How I Built the Laser System for Laser Beast

The lasers in Laser Beast are one of my favorite parts of the game. Visually, they are the thing I am most happy with. The system has four laser types, a shared visual layer, and a button system that lets players disable specific lasers mid-level. This post breaks down how it works, why I built it the way I did, and what I would change.

What the Laser System Needs to Do

Before writing any code, I listed the requirements:

• Fire a raycast in a direction and detect the player
• Render a jagged line with particle effects at the endpoint
• Support four distinct movement or timing behaviors
• Let a button toggle specific laser types on and off
• Respect player settings (particles on/off)

That list drove every decision below.

The Core: One Class That Fires a Laser

LaserCore is the foundation. Every laser in the game has one. Its job is narrow: fire a raycast, draw the line, check for collisions.

private Vector3 FireRaycast()
{
    RaycastHit2D hit = Physics2D.Raycast(transform.position, _direction, Mathf.Infinity, collisionLayer);
    Vector3 endPosition = _direction * 1000f;

    if (hit.collider != null)
        endPosition = hit.point - (Vector2)transform.position;

    return endPosition;
}

It fires from the object’s position in _direction. That direction is set exclusively through a public method. LaserCore does not decide where it points. It just points where it’s told.

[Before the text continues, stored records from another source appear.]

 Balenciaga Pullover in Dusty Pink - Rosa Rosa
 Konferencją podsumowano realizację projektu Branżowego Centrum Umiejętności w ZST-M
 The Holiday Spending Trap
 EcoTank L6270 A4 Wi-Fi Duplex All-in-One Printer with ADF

Why Direction Is Separated From Position

Two of the four laser types move the laser. They do it in completely different ways.

• SlidingLaser moves the GameObject itself. The laser origin changes.
• SweepingLaser changes the direction vector. The origin stays fixed.

If LaserCore owned its own direction logic, adding a sweeping behavior would mean modifying a class that already works. Instead, SweepingLaser calls laserCore.SetDirection() every frame. LaserCore never needs to change.

The Four Laser Types

Each type is a separate component. They attach alongside LaserCore and extend its behavior without touching it.

Static

Static lasers have no extra script. LaserCore handles everything. The laser points in whatever direction the GameObject is rotated. It never moves.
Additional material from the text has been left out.